Kebanyakan botol air minum sekali pakai dibuat dari plastik jenis PET atau PETE. Mengutip International Bottled Water Association, botol PET sebenarnya masih aman digunakan kembali, tetapi dengan batas tertentu.
Asosiasi tersebut merekomendasikan agar botol PET hanya digunakan ulang satu hingga dua kali. Setelah itu, botol sebaiknya didaur ulang atau diserahkan ke bank sampah, seperti dilaporkan oleh Sustainability Nook.
Sementara itu, jenis plastik lain seperti polycarbonate dan polypropylene tidak dianjurkan untuk digunakan kembali.
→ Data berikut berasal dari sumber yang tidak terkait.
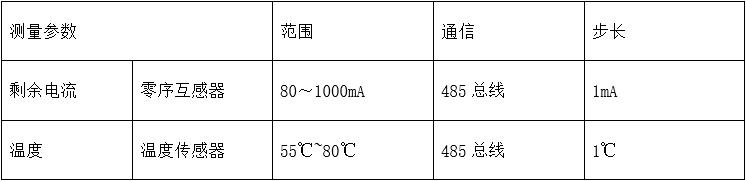 1528685063748365.jpg 参数b.jpg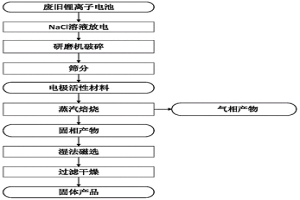 利用水蒸氣高效還原回收廢舊鋰電池的處置方法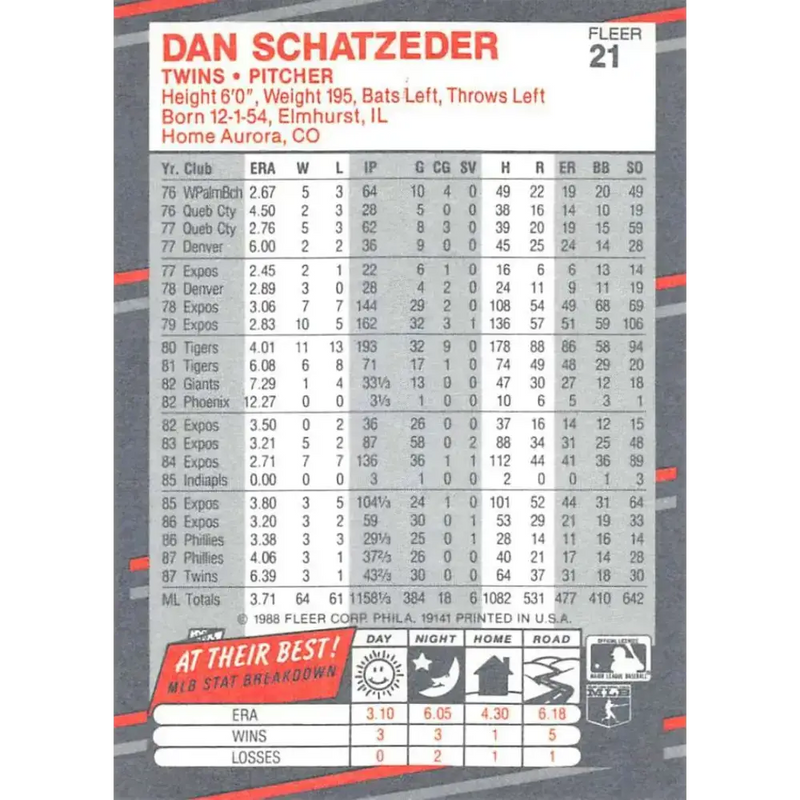 1988 Fleer #21b Dan Schatzeder EX Excellent Minnesota Twins Baseball Card - Baseball Card Single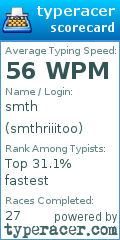 Scorecard for user smthriiitoo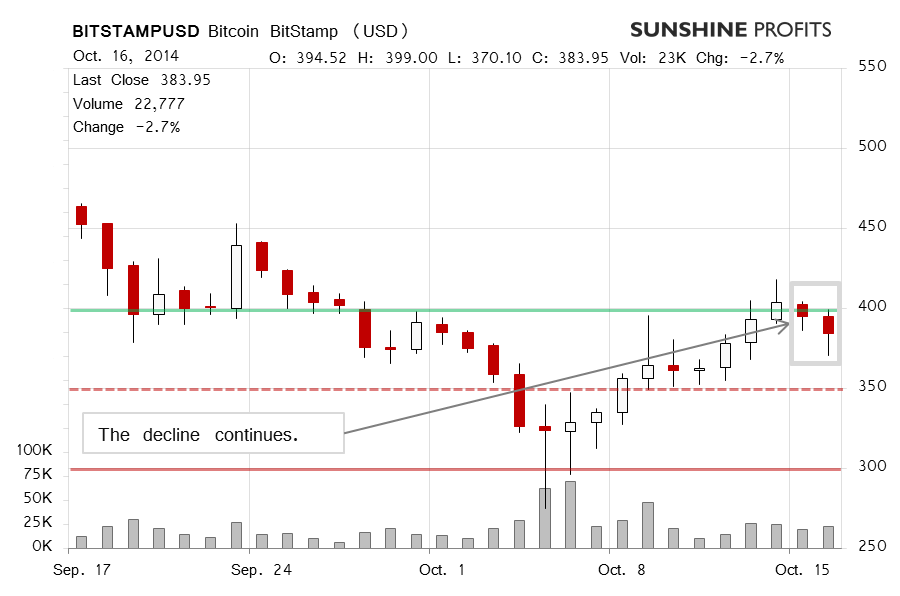 Bitcoin chart BitStamp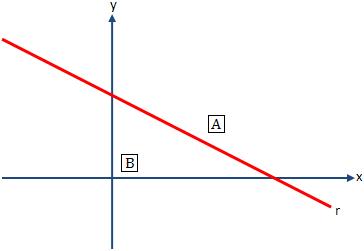 Área de um Triângulo Flashcards - Questionário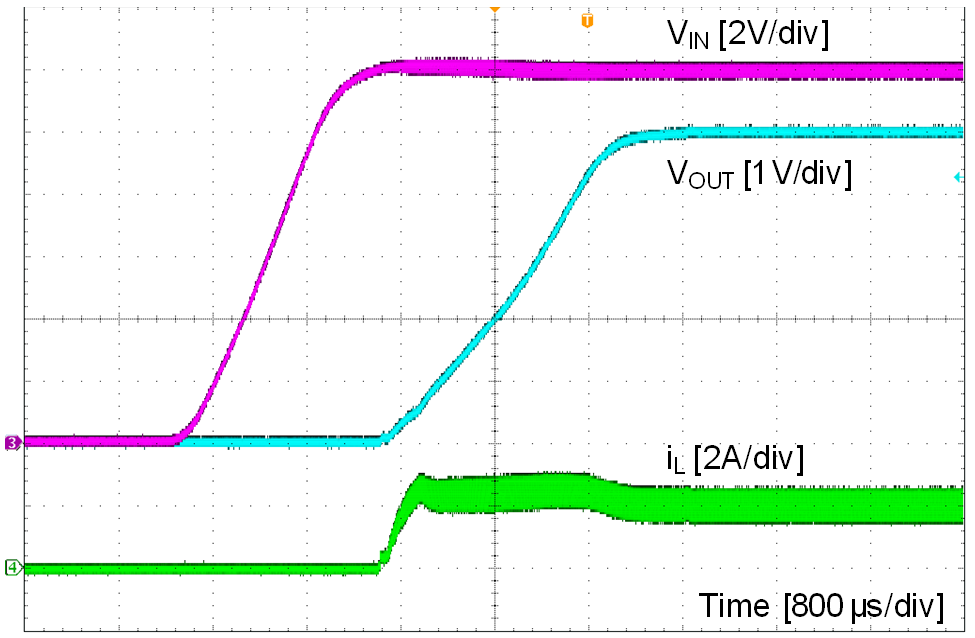 Start
Up by VIN GUID-3D70C94E-2031-4593-882C-80F1A4BD2426-low.png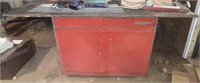 Snap-on Tool Cabinet, Tools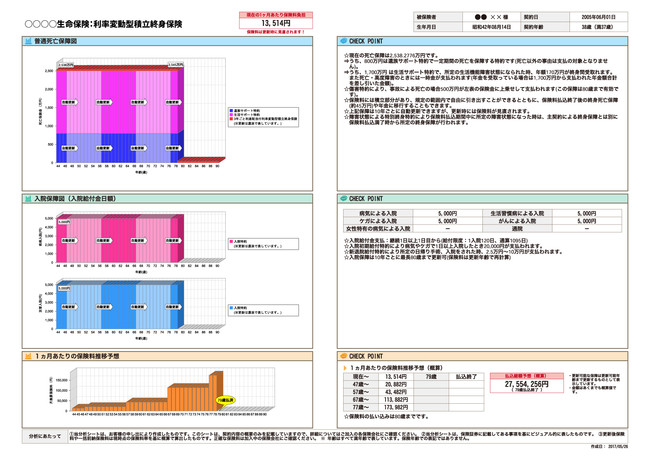 『保険IQシステム』の「証券分析機能」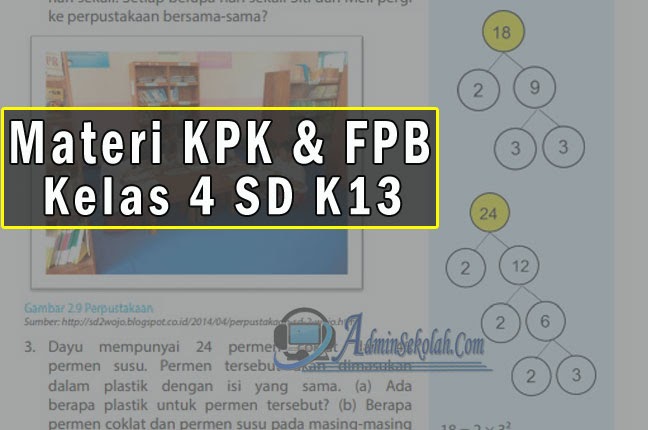 Materi Dan Soal Latihan Kpk Dan Fpb Kelas 4 Sd Semester 1 Kurikulum 2013 Admin Sekolah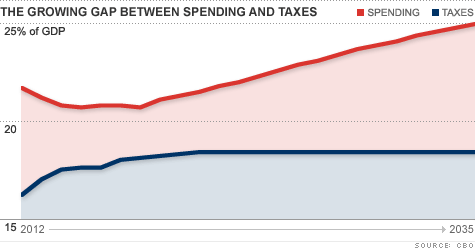 chart-spending-taxes-3.top.gif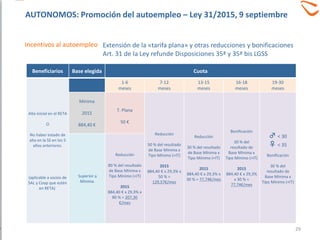 Incentivos al autoempleo Extensión de la «tarifa plana» y otras reducciones y bonificaciones
Art. 31 de la Ley refunde Disposiciones 35ª y 35ª bis LGSS
Beneficiarios Base elegida Cuota
Alta inicial en el RETA
O
No haber estado de
alta en la SS en los 5
años anteriores.
(aplicable a socios de
SAL y Coop que estén
en RETA)
1-6
meses
7-12
meses
13-15
meses
16-18
meses
19-30
meses
Mínima
2015
884,40 €
T. Plana
50 €
Reducción
50 % del resultado
de Base Mínima x
Tipo Mínimo (+IT)
2015
884,40 € x 29,3% x
50 % =
129,57€/mes
Reducción
30 % del resultado
de Base Mínima x
Tipo Mínimo (+IT)
2015
884,40 € x 29,3% x
30 % = 77,74€/mes
Bonificación
30 % del
resultado de
Base Mínima x
Tipo Mínimo (+IT)
2015
884,40 € x 29,3%
x 30 % =
77,74€/mes
♂ < 30
♀ < 35
Bonificación
30 % del
resultado de
Base Mínima x
Tipo Mínimo (+IT)
Superior a
Mínima
Reducción
80 % del resultado
de Base Mínima x
Tipo Mínimo (+IT)
2015
884,40 € x 29,3% x
80 % = 207,30
€/mes
29
AUTONOMOS: Promoción del autoempleo – Ley 31/2015, 9 septiembre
Pasalnya, material ini berpotensi menimbulkan risiko kesehatan karena dapat melepaskan bahan kimia berbahaya.
Seiring waktu, plastik dalam botol minuman bisa terurai dan melepaskan zat kimia seperti bisphenol A (BPA) dan phthalates. Kedua senyawa ini telah dikaitkan dengan berbagai masalah kesehatan.
Baca Juga : Menutup Tahun dengan Apresiasi: Graha Bangunan Blitar Umumkan Pemenang Pesta Hadiah Akhir Tahun 2025
Dampaknya antara lain gangguan keseimbangan hormon hingga risiko masalah perkembangan pada anak-anak. Risiko ini bisa meningkat jika botol sering terkena panas atau terpapar sinar matahari langsung.
Para ahli juga mengingatkan bahwa botol plastik yang digunakan berulang kali dan tidak dibersihkan dengan benar dapat menjadi tempat berkembangnya bakteri. Akumulasi bakteri ini berpotensi mencemari air minum di dalamnya.
Selain risiko kesehatan, penggunaan botol plastik sekali pakai juga menimbulkan persoalan lingkungan. Produksi botol plastik membutuhkan energi dan bahan baku besar, sementara sebagian besar botol berakhir di tempat pembuangan sampah atau mencemari lingkungan.
Botol plastik bekas minuman membutuhkan waktu ratusan tahun untuk terurai. Selama proses tersebut, bahan kimia berbahaya dapat meresap ke tanah dan air, sehingga mengancam ekosistem.
Sampah plastik juga menjadi ancaman serius bagi satwa liar dan kehidupan laut. Banyak hewan yang salah mengira plastik sebagai makanan atau terjerat limbah tersebut.
Karena itu, meski mengisi ulang botol dapat mengurangi jumlah sampah, langkah paling bijak tetaplah mendaur ulang atau menyerahkan botol bekas ke bank sampah agar bisa diproses dengan benar.
Dengan memahami alasan di balik tanggal kedaluwarsa air minum kemasan, masyarakat diharapkan lebih bijak dalam menyimpan, menggunakan, dan membuang dengan cara didaur ulang botol plastiknya demi kesehatan dan kelestarian lingkungan. Semoga informasi ini bermanfaat ya.